I am trying to understand this
$$T = \begin{pmatrix} 1 & 0 & 0 \\ 0 & 1 & 0 \\ 0 & 0 & 1 \\ \end{pmatrix}$$
let
$$u = \begin{pmatrix} 1 \\ 0 \\ 1 \\ \end{pmatrix}$$
$$v = \begin{pmatrix} 0 \\ 1 \\ 1 \\ \end{pmatrix}$$
They are all linearly independent. $u$ and $v$ are eigen vectors of $T$ right?

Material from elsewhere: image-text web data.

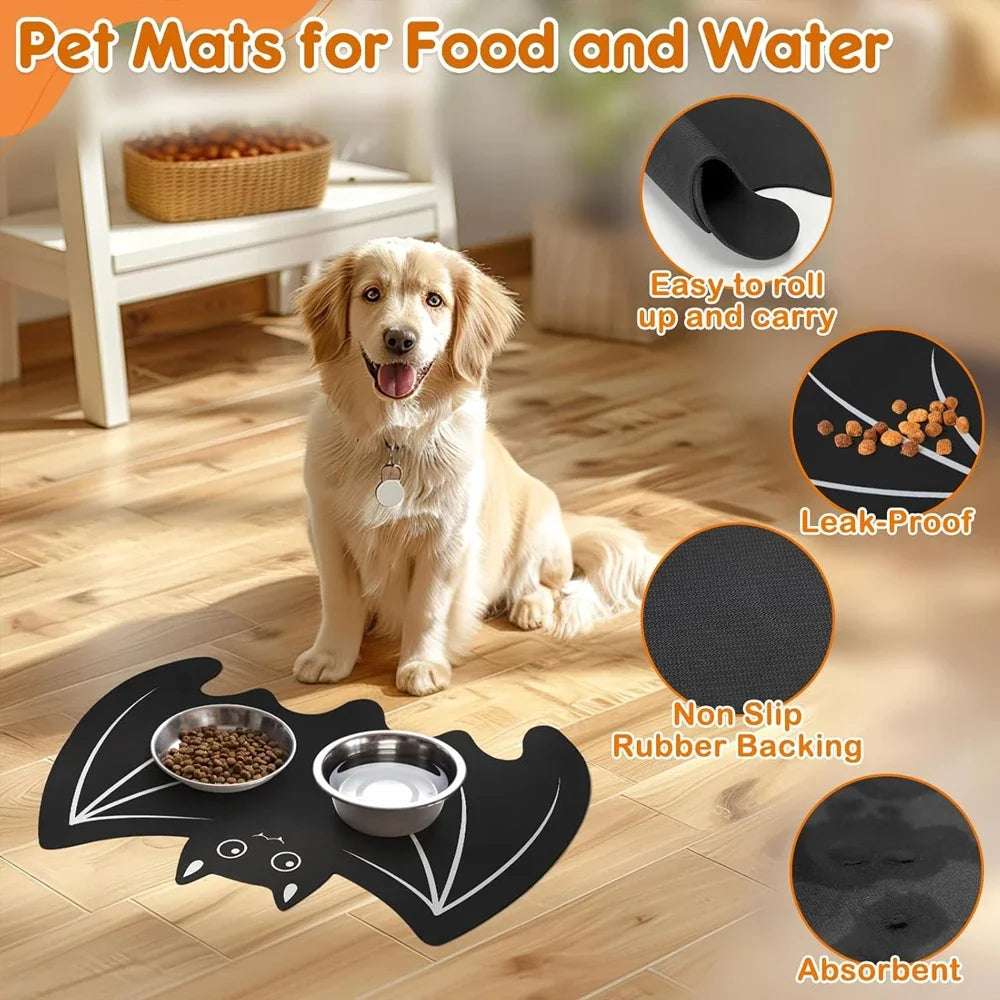 Halloween Spider Web Bat-shape Pet Feeding Mat Non-Slip Spillproof Protector Easy Clean Dining Mat Spooky Home Decor for Cat Dog LckyPet™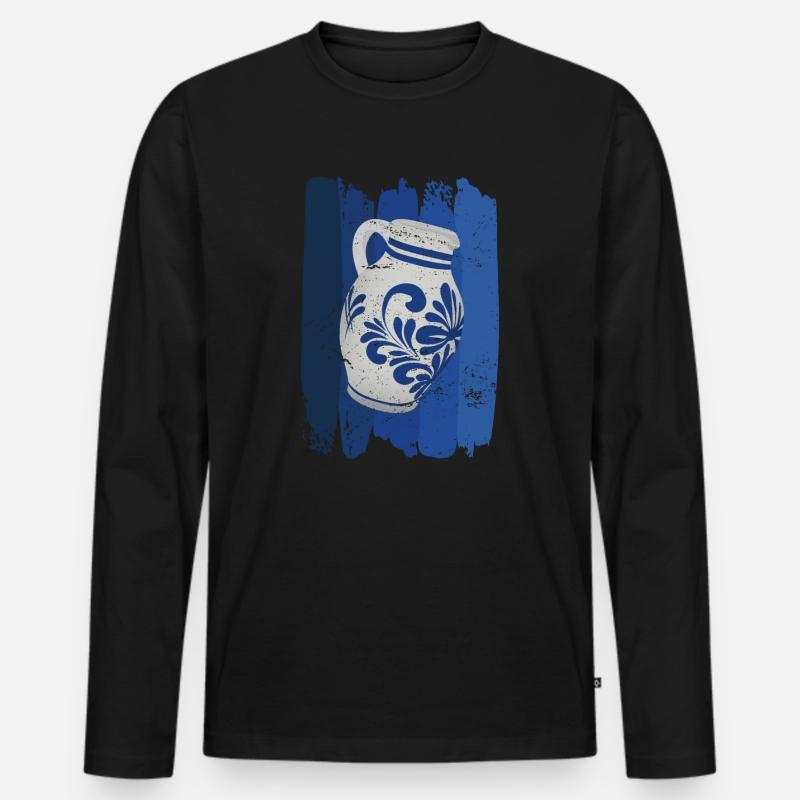 Hessischer Äppler, Apfelwein - Männer Premium Bio Langarmshirt - Schwarz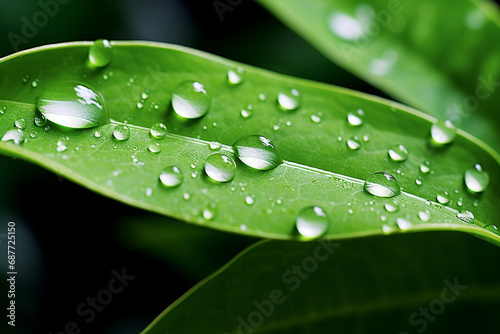 Refreshing Green Leaf with Drops of Water Created with Generative AI Tools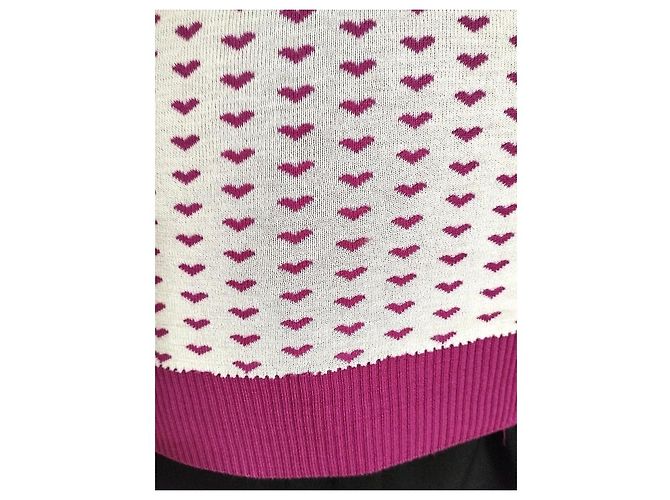 Sonia Rykiel Jersey de Punto con Corazones Rosa Blanco - vista 7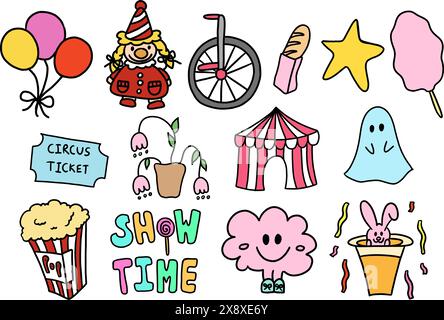 Hand drawn circus elements such as clown, balloons, popcorn, ticket, snack, SHOW TIME letters, bunny dolls for sticker, logo, icon, cartoon, mascot Stock Vector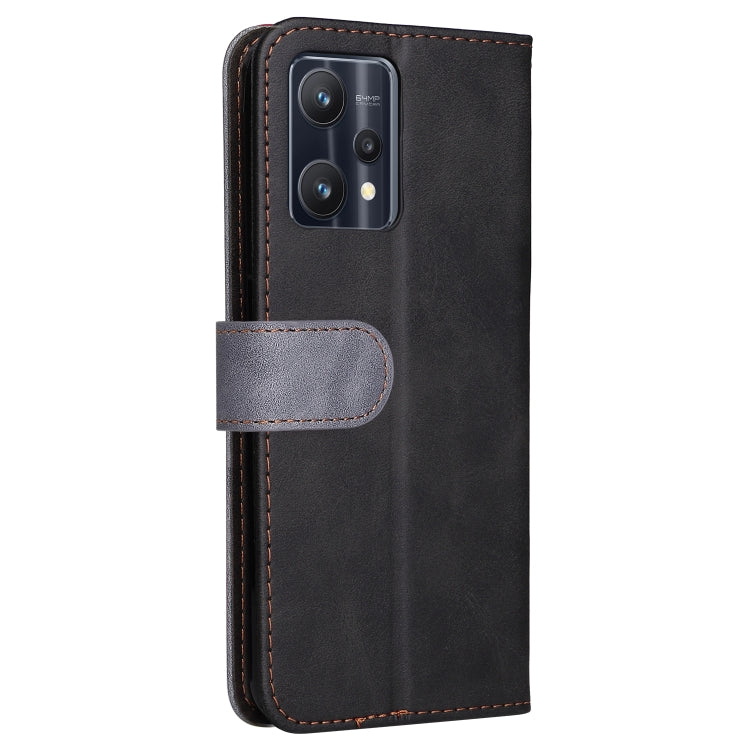 For OPPO Realme 9 Pro / V25 Stitching-Color PU Leather Phone Case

I just want to make sure I am correct. So those are samples of eigen vectors that not orthogonal. The catch is the eigen value are the same. Namely 1. How can I create eigen vectors that are not orthogonal and have different eigen value?
I want a counter example of a matrix (doesn't have to be symmetric or diagonal) that have non orthogonal eigen vectors with different eigen value.
For a non-symmetric matrix take:
$$A=\begin{pmatrix} 1& 1 \\ 2& 2 \end{pmatrix}. $$
Then $(1,2)^T$ is a eigenvector to eigenvalue $3$ and $(1,-1)^T$ is a eigenvector to eigenvalue $0$ but they are not orthogonal.